Труд В.М. Алпатова посвящен анализу книги В.Н. Волошинова «Марксизм и философия языка» (М., 1929) и ее последующей рецепции — преимущественно в качестве принадлежащей М.М. Бахтину или, по крайней мере, выражающей именно его идеи. Кроме того, подробно рассматриваются более поздние работы и высказывания Бахтина, которые Алпатов считает важными именно для лингвистики.
Судьба книги В.Н. Волошинова «Марксизм и философия языка» (далее — «МФЯ») своеобразна. В течение многих лет она была совершенно забыта. Могу, в частности, засвидетельствовать, что ни А.А. Реформатский, ни П.С. Кузнецов, ни В.Н. Сидоров, у которых я, уже будучи сотрудником Института языкознания АН СССР, имела счастье учиться в конце 50-х — середине 60-х гг. прошлого века, никогда «МФЯ» не упоминали. И дело здесь отнюдь не в физической малодоступности «МФЯ»: все ученики Реформатского читали Соссюра в переводе А.М. Сухотина, хотя книга эта имелась в библиотеке Института в единственном и к тому же ветхом экземпляре. Условием взаимопонимания между нами и нашими учителями было знакомство не только с Соссюром, но и с работами Бодуэна де Куртене, Фортунатова, Трубецкого (позднее изданного с комментариями А.А. Реформатского), а также Гуссерля и Шпета.

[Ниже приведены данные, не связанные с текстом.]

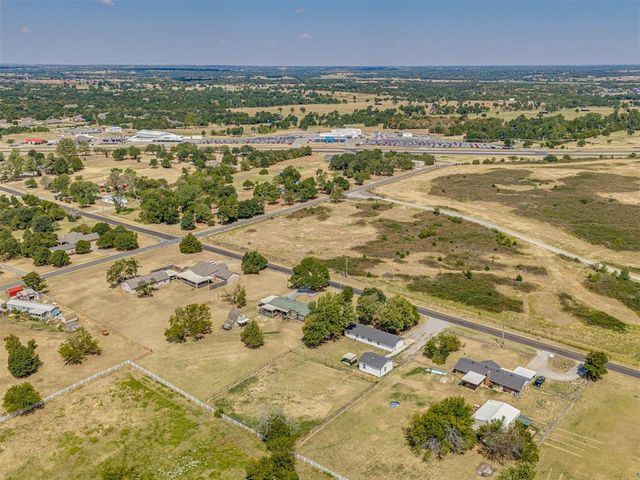 2152 NE 10th St, Blanchard, OK 73010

Впрочем, В.М. Алпатов свидетельствует, что Ю.Д. Дешериев, руководивший в том же институте социолингвистическими исследованиями, включал «МФЯ» в список, обязательный для своих аспирантов, — смею думать, единственно из-за наличия в заголовке книги слова «марксистский».
«Воскресла» книга Волошинова благодаря Р.О. Якобсону. Как пишет Алпатов, решающую роль здесь сыграла вышедшая в 1972 г. на русском языке известная статья Р.О. Якобсона о шифтерах (написана в 1952 г.), — по существу, одна из первых «поворотных» работ о специфике речевого взаимодействия в паре говорящий — слушающий. В этой статье Якобсон высоко оценил книгу Волошинова и в дальнейшем способствовал ее публикации на Западе (английское издание — 1973 г., французское — с предисловием Якобсона и под двумя именами — Бахтина и Волошинова — 1977 г. ). Тогда же, в 1972 г., сам Алпатов, как и многие другие советские лингвисты, впервые услышал имя Волошинова.
В 1973 г. в Тарту вышла статья Вяч.Вс. Иванова о роли Бахтина в становлении семиотического подхода к языку, где идеи «МФЯ» рассматривались как своего рода провозвестники будущего расцвета семиотики в СССР. При этом еще здравствовавшему Бахтину приписывались не только «МФЯ», но и ряд других текстов Волошинова лингвистического содержания.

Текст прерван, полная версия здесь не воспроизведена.